Tuesday, July 19, 2011

David Brooks in Today's WSJ: The Road Not Taken

David Brooks is my hero. He is smart, articulate and not completely conservative. Today he write about how the repubs are squandering an opportunity to do some real good for the country. I am no fan of them but when they have a good idea I'll agree. So before my house gets egged, let me explain.

To have a social safety net we must fund it. I myself am very comfortable paying the taxes needed to fund it. However there are many people out there who are short sighted enough to believe they are self sufficient and will never need the net. For them, it becomes an issue of paying for someone else who cannot (or will not in their opinion) manage their affairs properly. They probably took Atlas Shrugged as their own personal morality play. I can't change their opinion. But the congress people they send to Washington already know that these constituents will be the first to clamor for government assistance when a tornado blows down their home or a hurricane washes away their second home on a barrier island.
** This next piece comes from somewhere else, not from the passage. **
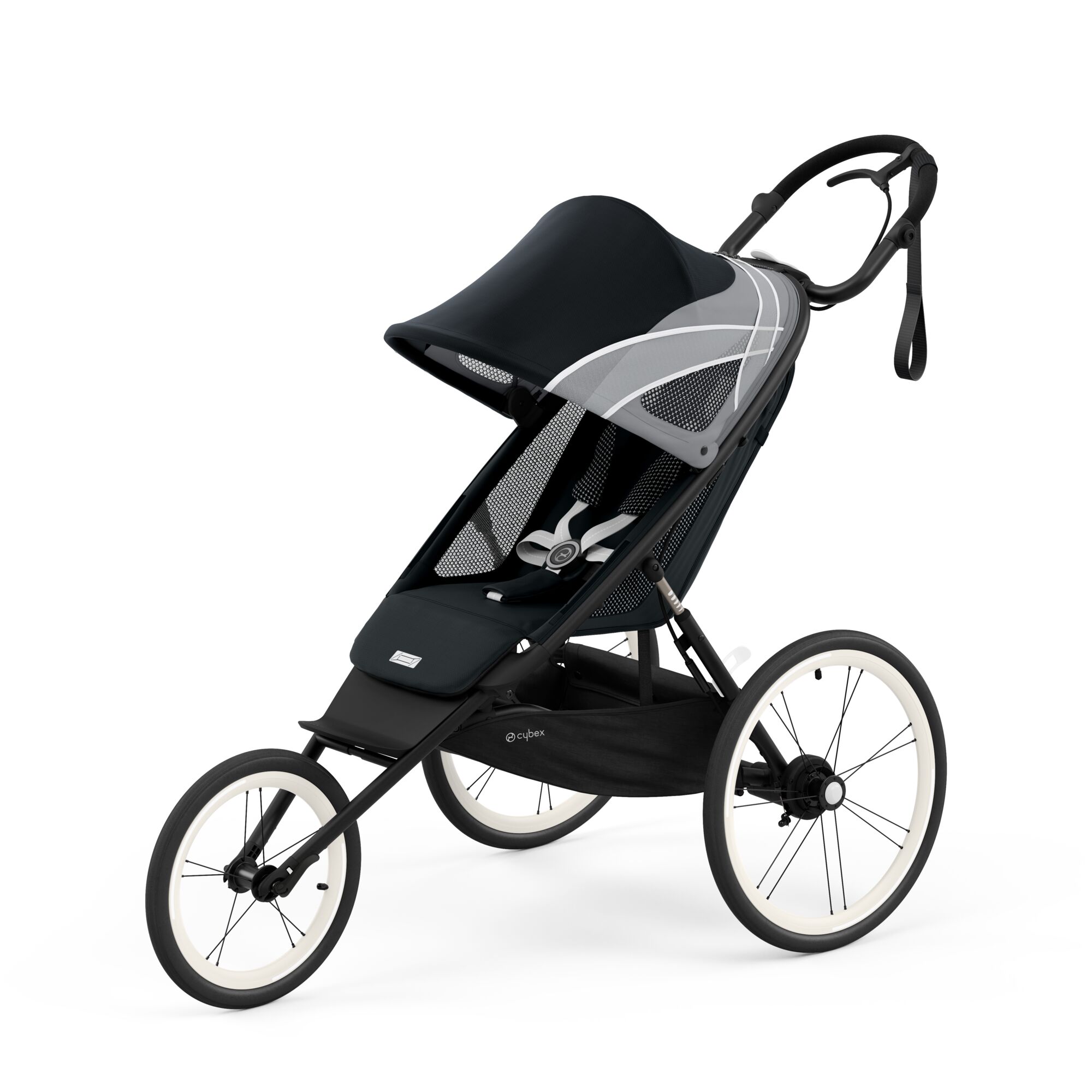 Cybex AVI Rama + Tapicerka siedziska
Their extreme position that they don't need the federal government is the worst kind of hypocrisy.

Here is where there is an argument that should be made that is not. There is no doubt that the federal government oversees a very significant flow of cash. Where the pubs could get a rise out of even me is the efficiency with which this money is used. There are far too many overlapping federal agencies that oversee sprawling empires that often lose sight of their core missions. Congress too is guilty of passing far too many laws that are poorly written and giving the assignment to oversee the enforcement of those laws to agencies that they then refuse to properly fund. This must stop. Our system of government in 4 year increments will never allow for the kind of sweeping changes that are needed to rationalize the federal government's mission. An in an environment in which a significant proportion of American's don't even understand the federal government's contribution to our economy and society will never accept it no matter the size.

So to see us on the brink of a bi-partisan deal that would bring us closer to a balanced budget and right even a few wrongs in those sprawling agencies and vast rule books and then pull back is just galling. What is wrong with those people anyway?